** PROBLEM DETAILS **
A faithful copy is required. Print each line of the data exactly and omit the pictures.

** EXERCISE DATA **
★ ★ ★ ★ ★

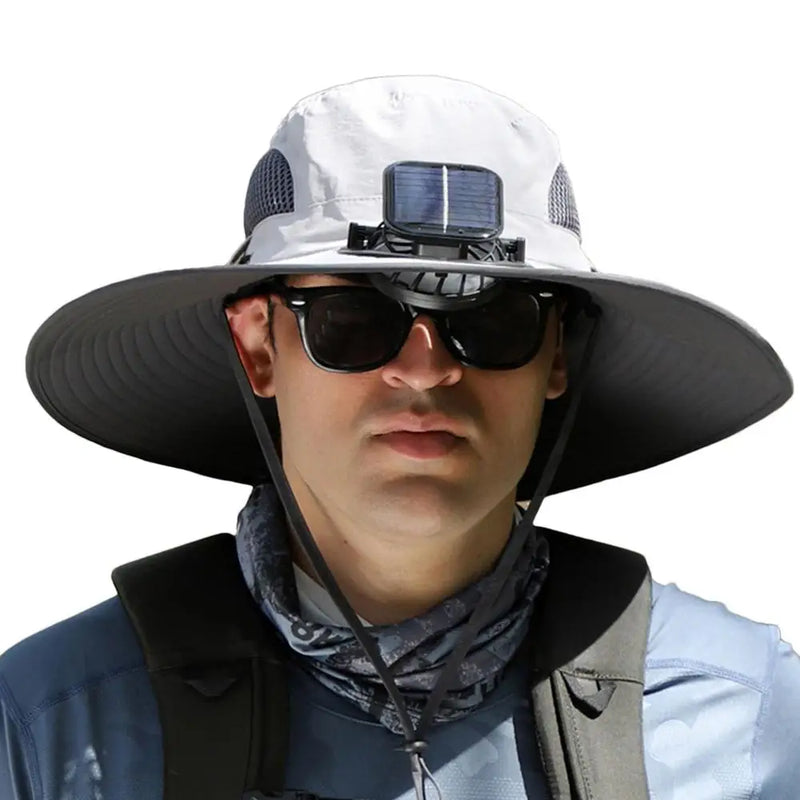 Sombrero con ventilador solar para hombre, sombrero de verano con protección UV, UPF50, carga USB, sombrero de ala ancha para el sol, para viajes, jardinería, deportes al aire libre, pesca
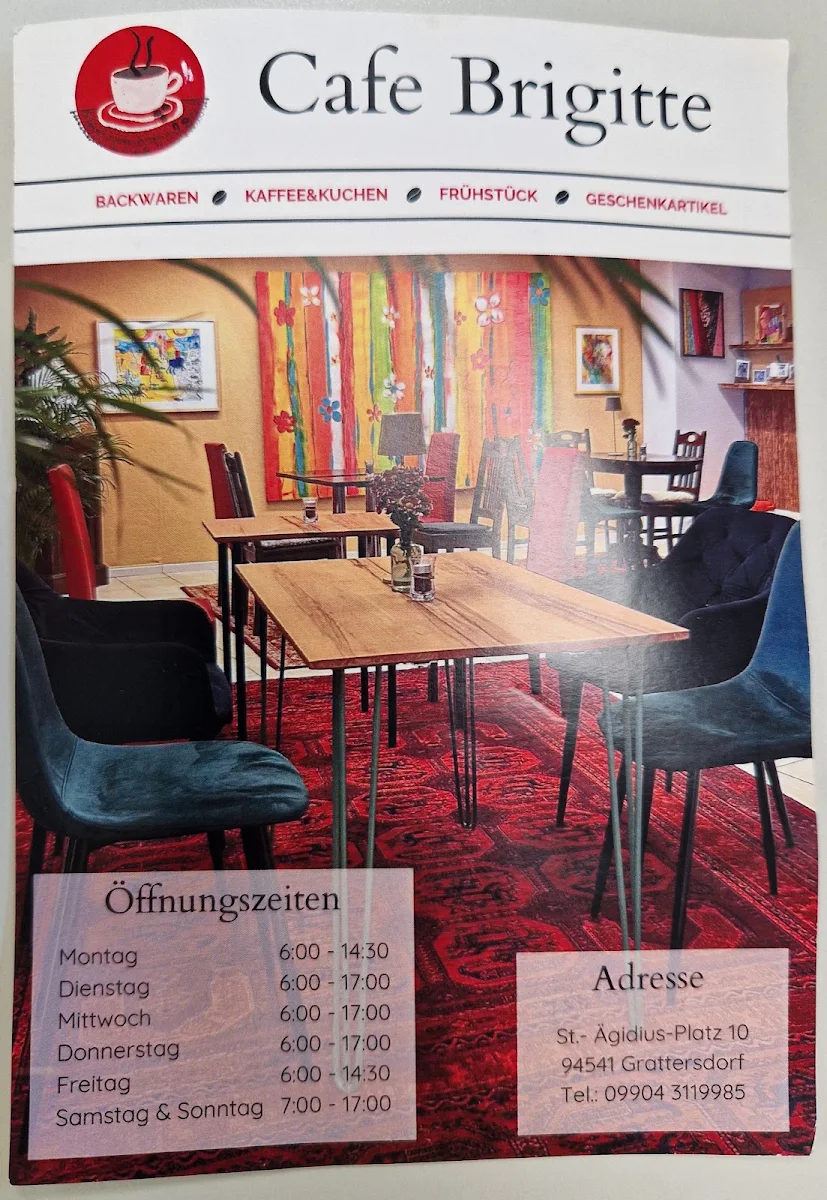 Speisekarte, Cafe Brigitte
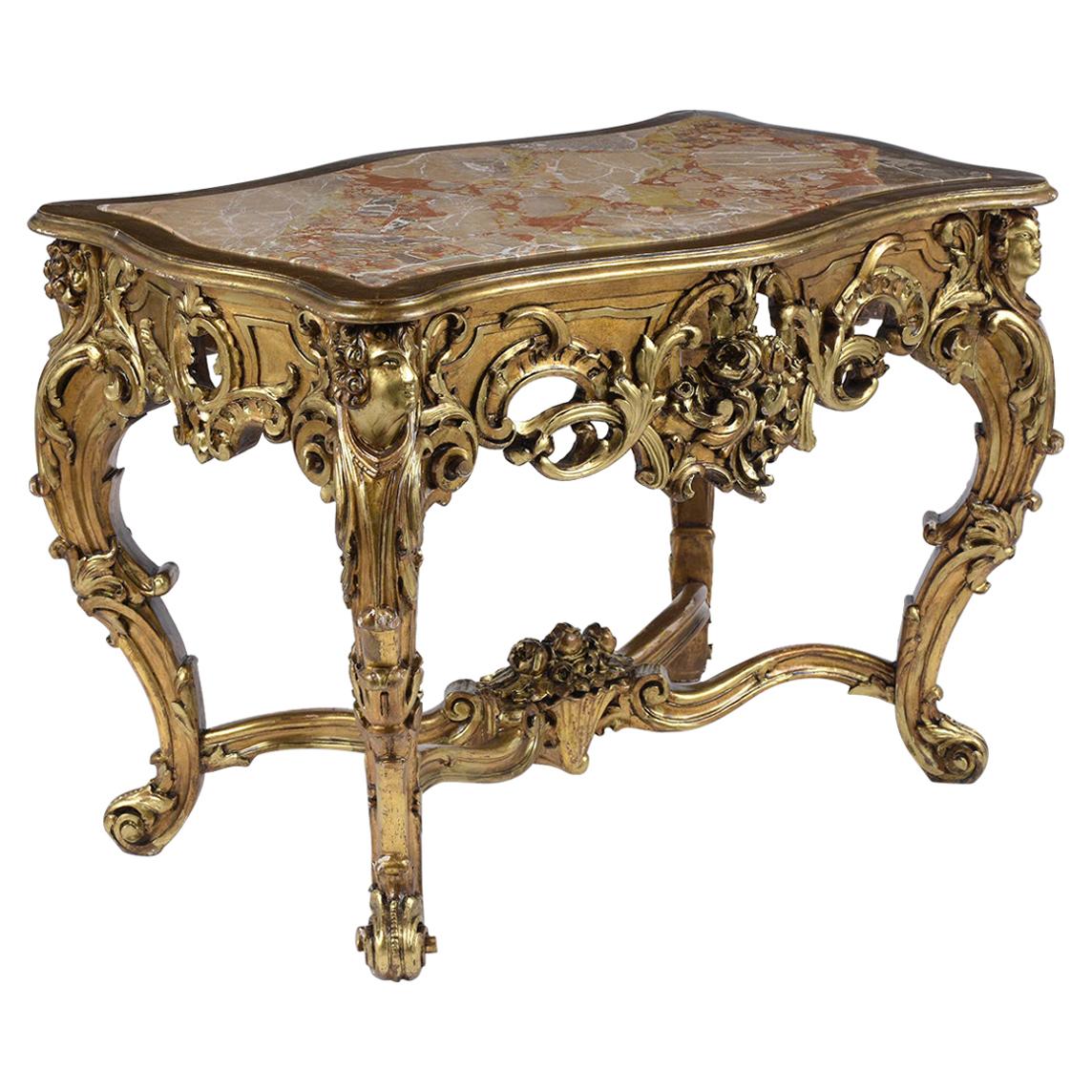 French Louis XV Giltwood Carved Center Table with Marble Top at 1stDibs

★ ★ ★ ★ ★

** THE COMPLETED TASK **
 Sombrero con ventilador solar para hombre, sombrero de verano con protección UV, UPF50, carga USB, sombrero de ala ancha para el sol, para viajes, jardinería, deportes al aire libre, pesca
 Speisekarte, Cafe Brigitte
 French Louis XV Giltwood Carved Center Table with Marble Top at 1stDibs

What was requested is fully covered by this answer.